General information
- Founded: 1988
- Folded: 1988
- Headquartered: Los Angeles Sports Arena in Los Angeles, California
- Colors: Navy, goldenrod, white

Personnel
- Head coach: Ray Willsey

Team history
- Los Angeles Cobras (1988);

Home fields
- Los Angeles Memorial Sports Arena (1988);

League / conference affiliations
- Arena Football League (1988)

Playoff appearances (1)
- 1988;

= Los Angeles Cobras =

Arena football team

The Los Angeles Cobras were a professional arena football team based in Los Angeles, California that played one season (1988) in the Arena Football League.

==History==

On March 16, 1988, it was announced that team would be nicknamed the Cobras, as well as the introduction of head coach Ray Willsey. The Cobras played their home games at the Los Angeles Sports Arena, which they shared with the Los Angeles Clippers of the National Basketball Association. The team's logo consisted of an interlocking "LA" in which the left upright of the "A" was formed by the hooded head and "neck" of a cobra.

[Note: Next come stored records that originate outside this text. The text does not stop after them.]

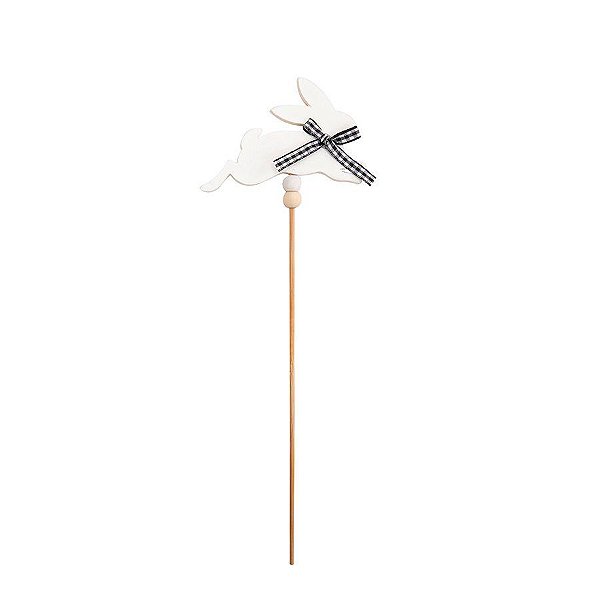 Pick Decorativo de Páscoa - Coelhinho Deitado Correndo de MDF - 01 unidade - Cromus - Rizzo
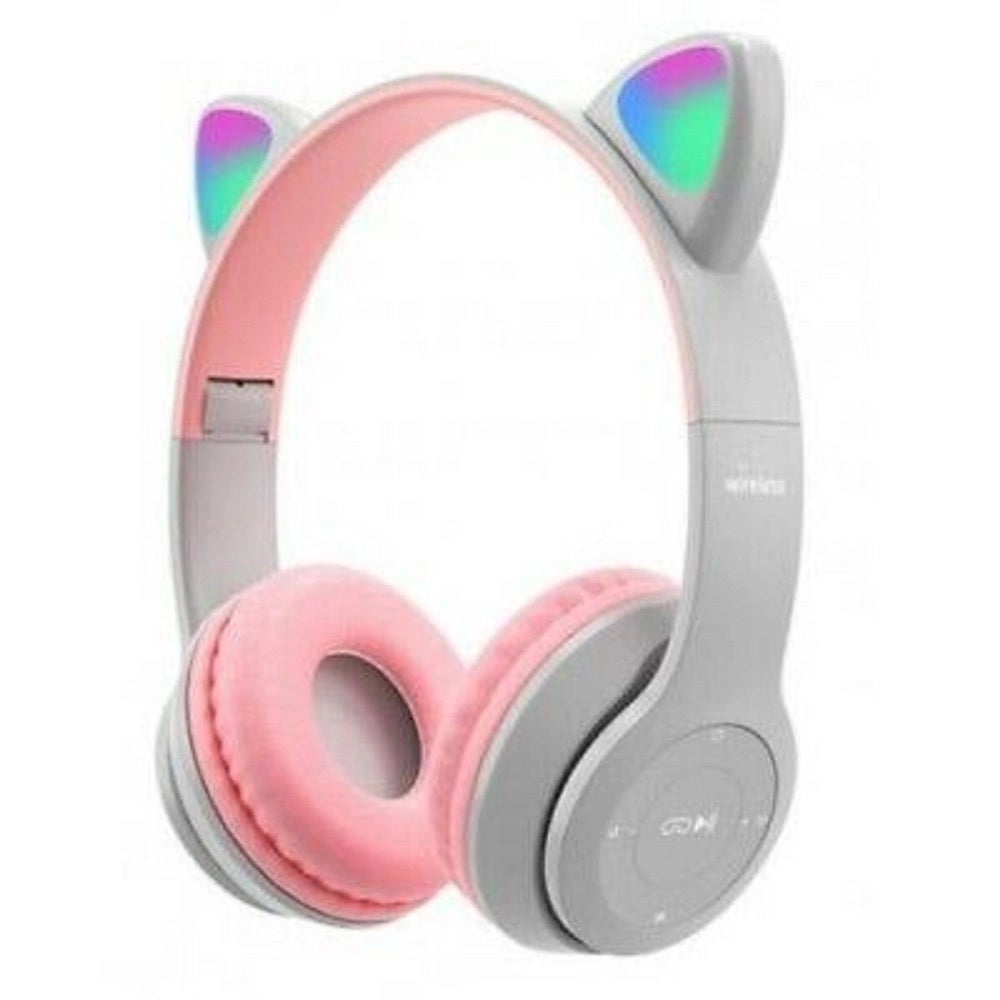 Trade Shop - Cuffie Bluetooth Wireless Gaming Auricolare Led Orecchie Gatto Smartphone Q-em51 -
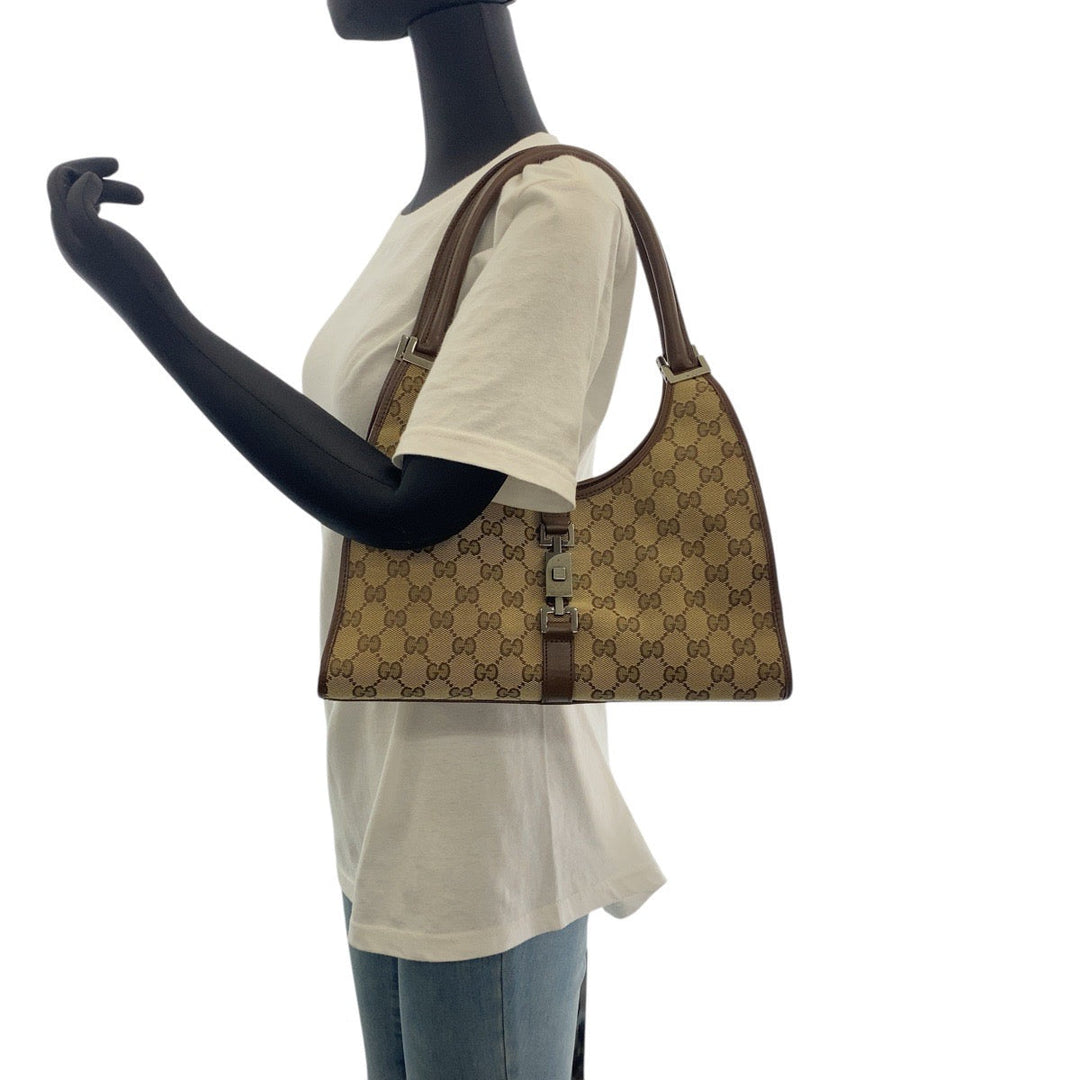 GUCCI Shoulder Bag 0021067 GG canvas, leather Beige brown Jackie Women Used Authentic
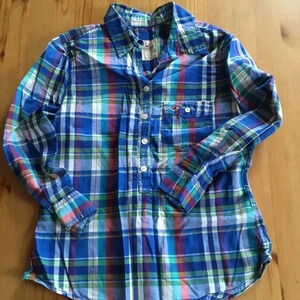 Fitted Plaid 3/4  Sleeve Shirt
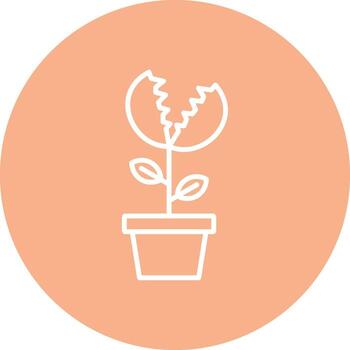 Venus Flytrap Line Multi Circle Icon vector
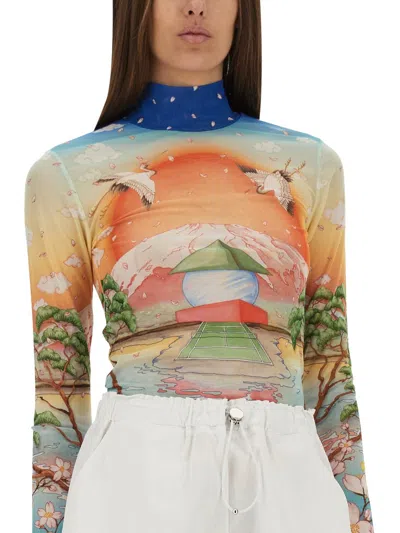 Casablanca Graphic Print High Neck Stretch Top In Multi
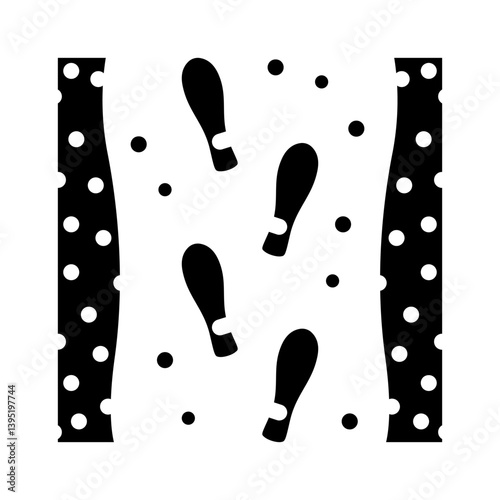 footprint pole marks nordic walking glyph icon vector illustration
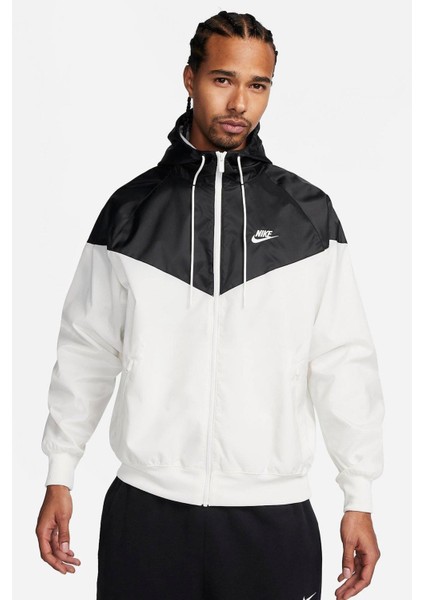Windrunner Full Zip Jacket Kapüşonlu Erkek Ceket Rüzgarlık Siyah Krem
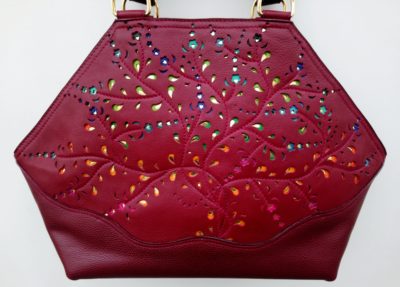 Alice Angevin, Les Sacs à M'Alice Sac à Main Elégant Dentelles de cuir rouge bordeaux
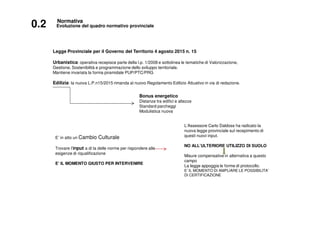 0.2 Evoluzione del quadro normativo provinciale
Normativa
Legge Provinciale per il Governo del Territorio 4 agosto 2015 n. 15
Urbanistica: operativa recepisce parte della l.p. 1/2008 e sottolinea le tematiche di Valorizzazione,
Gestione, Sostenibilità e programmazione dello sviluppo territoriale.
Mantiene invariata la forma piramidale PUP/PTC/PRG
Edilizia: la nuova L.P.n15/2015 rimanda al nuovo Regolamento Edilizio Attuativo in via di redazione.
Bonus energetico
Distanze tra edifici e altezze
Standard parcheggi
Modulistica nuova
E’ in atto un Cambio Culturale
Trovare l’input a di la delle norme per rispondere alle
esigenze di riqualificazione
E’ IL MOMENTO GIUSTO PER INTERVENIRE
L’Assessore Carlo Daldoss ha radicato la
nuova legge provinciale sul recepimento di
questi nuovi input.
NO ALL’ULTERIORE UTILIZZO DI SUOLO
Misure compensative in alternativa a questo
campo
La legge appoggia le forme di protocollo.
E’ IL MOMENTO DI AMPLIARE LE POSSIBILITA’
DI CERTIFICAZIONE
 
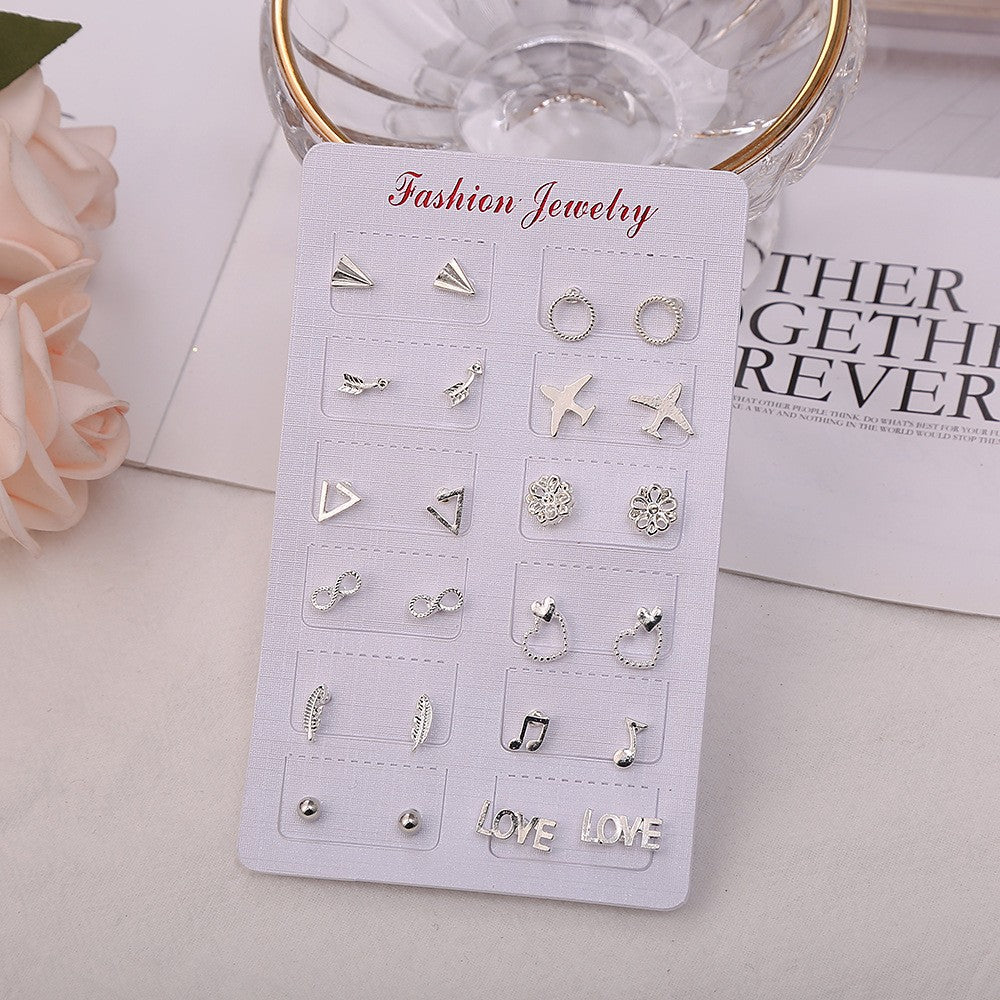Women's Korean Style Personalized Small Love Snowflake Stud Earrings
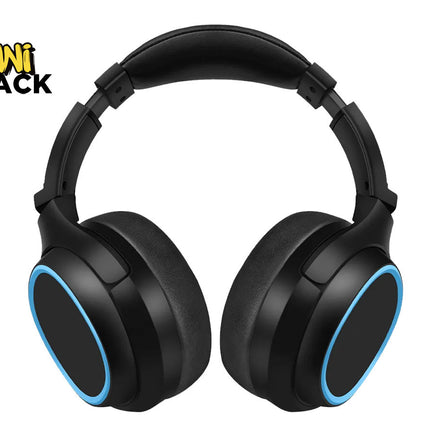 A pair of black over-ear wireless headphones with thick cushioned ear pads, a padded headband, and vibrant blue ring accents on the outer earcups, featuring a "Kiwi Shack" logo in the top left corner.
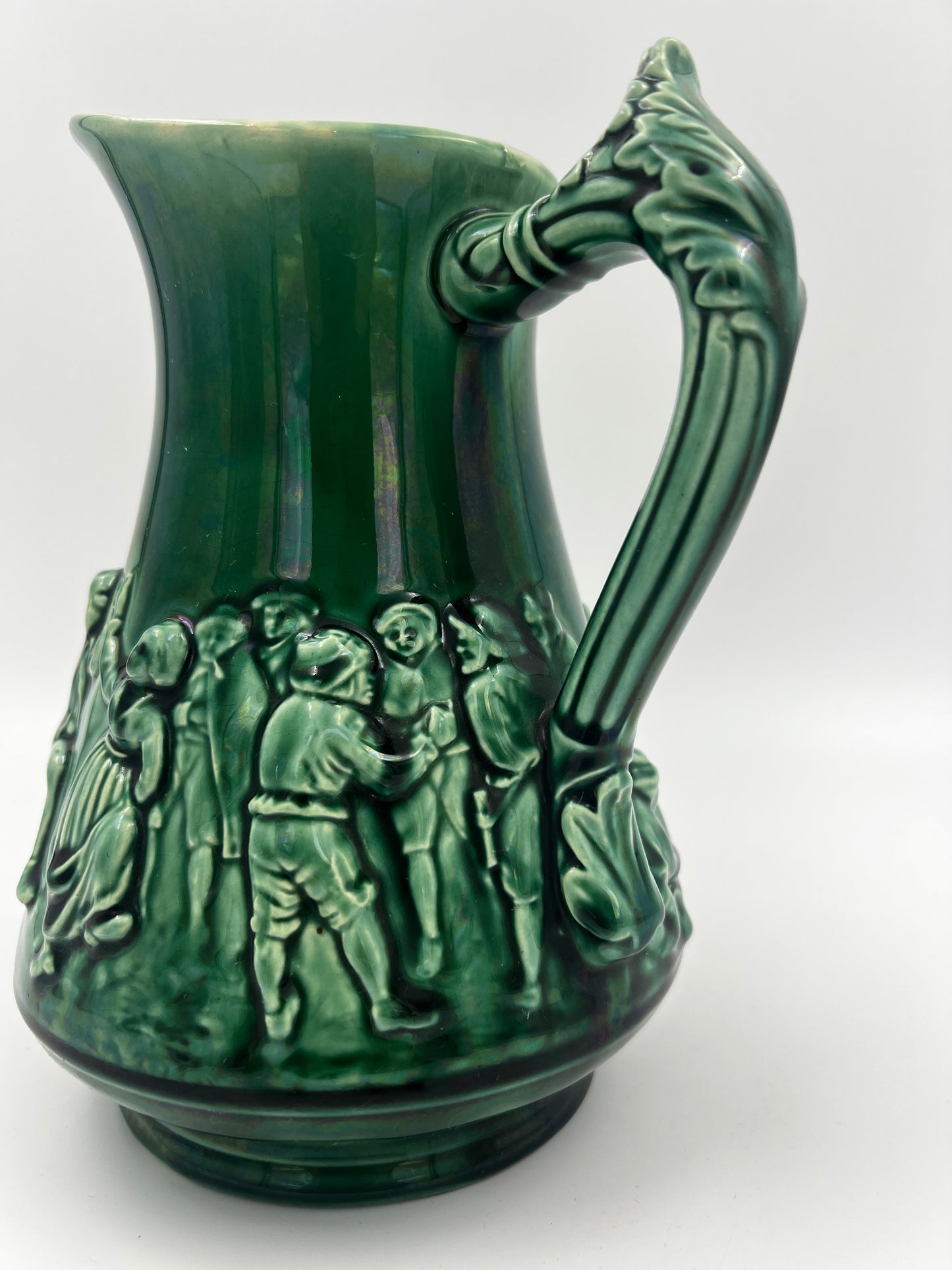 French Sarreguemines Majolica Green Pitcher C. 1900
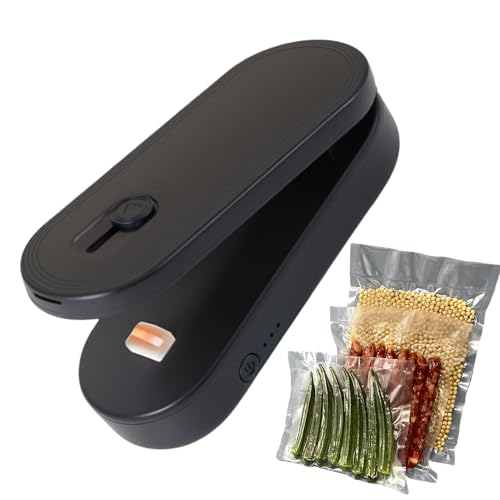 YRTUOP Mini Beutelversiegler | USB-Aufladbares Verpackungswerkzeug Für Lebensmittel,Kleines Schließ Und Schneid Werkzeug für Zuhause Reisen Auto Camping Mahlzeiten Vorbereitung Fleisch Snacks Picknick von YRTUOP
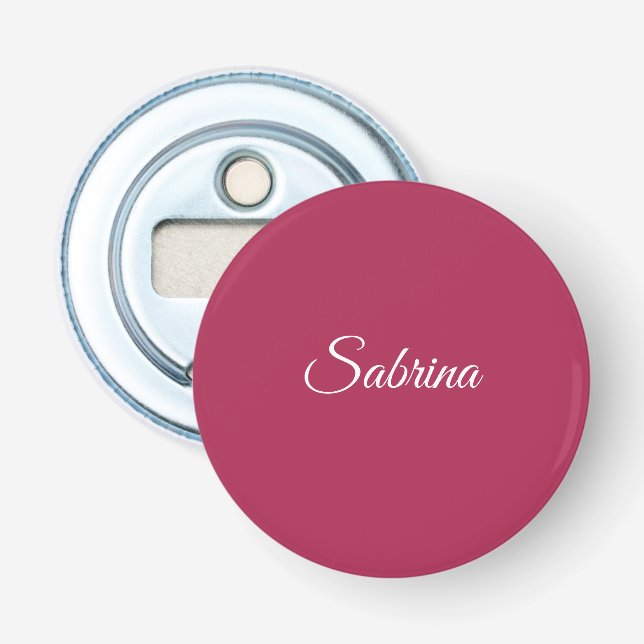 Monogram minimalist cherry rose pink bottle opener (Front)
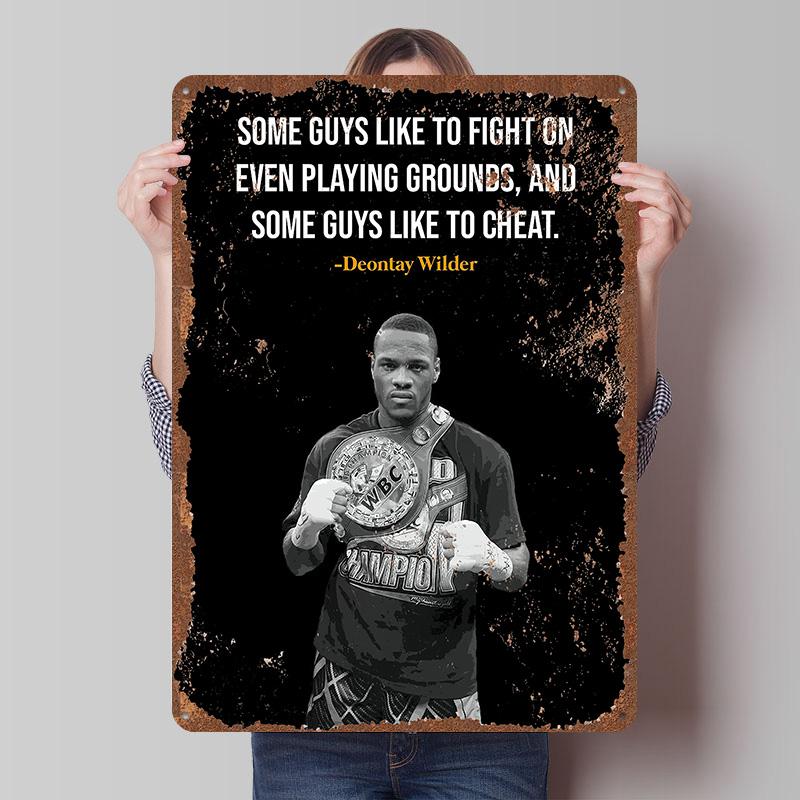 Deontay Wilder Boxer Metal Posters Custom Vintage Metal Signs Wall Art Tin Plaque for Man Cave Bedroom Decorations Home Decor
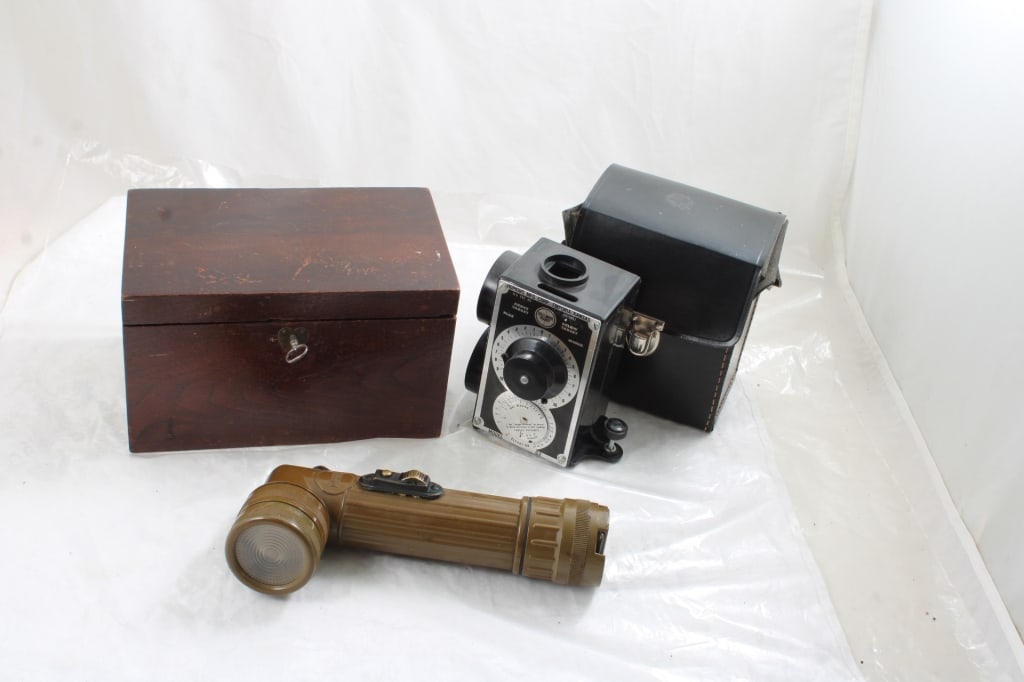 Survey Transit, Military Flashlight, Wood Lock Box (1 of 18)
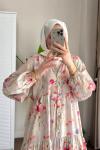 Yasmin Desenli Elbise Krem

The team debuted April 30, 1988 against the New York Knights. The Cobras started the season 0–3, but finished the season 5–3–1, clinching a playoff spot.

Despite a lineup that featured former NFL all-pro receiver Cliff Branch, ex-UCLA quarterback Matt Stevens and future Arena Football Hall of Famer Gary Mullen, Los Angeles drew dismal crowds: just 7,507 per game, second-worst in the AFL. The Cobras lost in the semifinals to the Chicago Bruisers, 29–16. It turned out to be their last game ever as the Cobras folded after the 1988 season, temporarily cutting the league down.

==Season-by-season==

Season records
| Season | W | L | T | Finish | Playoff results |
|---|---|---|---|---|---|
| 1988 | 5 | 6 | 1 | 4th | Lost Week 1 (Chicago 29-16) |
| Totals | 5 | 7 | 1 | (including playoffs) |  |

==Notable players==

===Roster===
1988 Los Angeles Cobras roster
| Quarterbacks * Eric Beavers * Michael Mendoza * Matt Stevens Wide receivers/Defensive backs * Mike Benson * Cliff Branch * Derrick Donald * Joe Kelly * Gary Mullen | Running backs/Linebackers * Rob DeVita * Paul Green * Yepi Pauu * Richard Prather * Ed Zeman Offensive linemen/Defensive linemen * Eric Arrington * Brian Clark * Chuck Harris * Dwayne Jackson * Michael Jones * Tony Palamara * Louis Sorrentino * Dester Stowers * Wes Walton | Wide receivers/Linebackers * Wade Lockett * Matthew McKnight * Richard Rodgers Kickers * Nick Mike-Mayer * Ken Olson * Marty Zendejas Rookies in italics
 Roster updated February 5, 2013
 28 Active, 0 Inactive, 0 PS |

===Arena Football League Hall of Famers===

Los Angeles Cobras Hall of Famers
| No. | Name | Year inducted | Position(s) | Years w/ Cobras |
| 1 | Gary Mullen | 1995 | WR/DB | 1988 |

===All-Arena players===
The following Cobras players were named to All-Arena Teams:
- QB Matt Stevens
- WR/DB Gary Mullen

==Notable coaches==

===Head coaches===

| Name | Term | Regular season |  |  |  | Playoffs |  | Awards |
| W | L | T | Win% | W | L |
| Ray Willsey | 1988 | 5 | 6 | 1 | .458 | 0 | 1 |  |

===Staff===
- Head coach: Ray Willsey
- Assistant coach: Lew Erber
- Running back & special teams coach: Russ Steele
- Football operations coordinator: Larry Westbrook
- Trainer: Nick Ortenzo
- Equipment manager: Marty Hopkins

==Media==
- The Cobras are also featured in the film Kinjite: Forbidden Subjects starring Charles Bronson. One scene takes place during a Cobras/Bruisers game, presumably the final regular season contest played July 14, 1988 (this game also had the distinction of ending 37-37, making it the first tie game in arena football history). The film was released in early 1989.
- The Cobras were also featured as an unlockable team in EA Sports' Arena Football.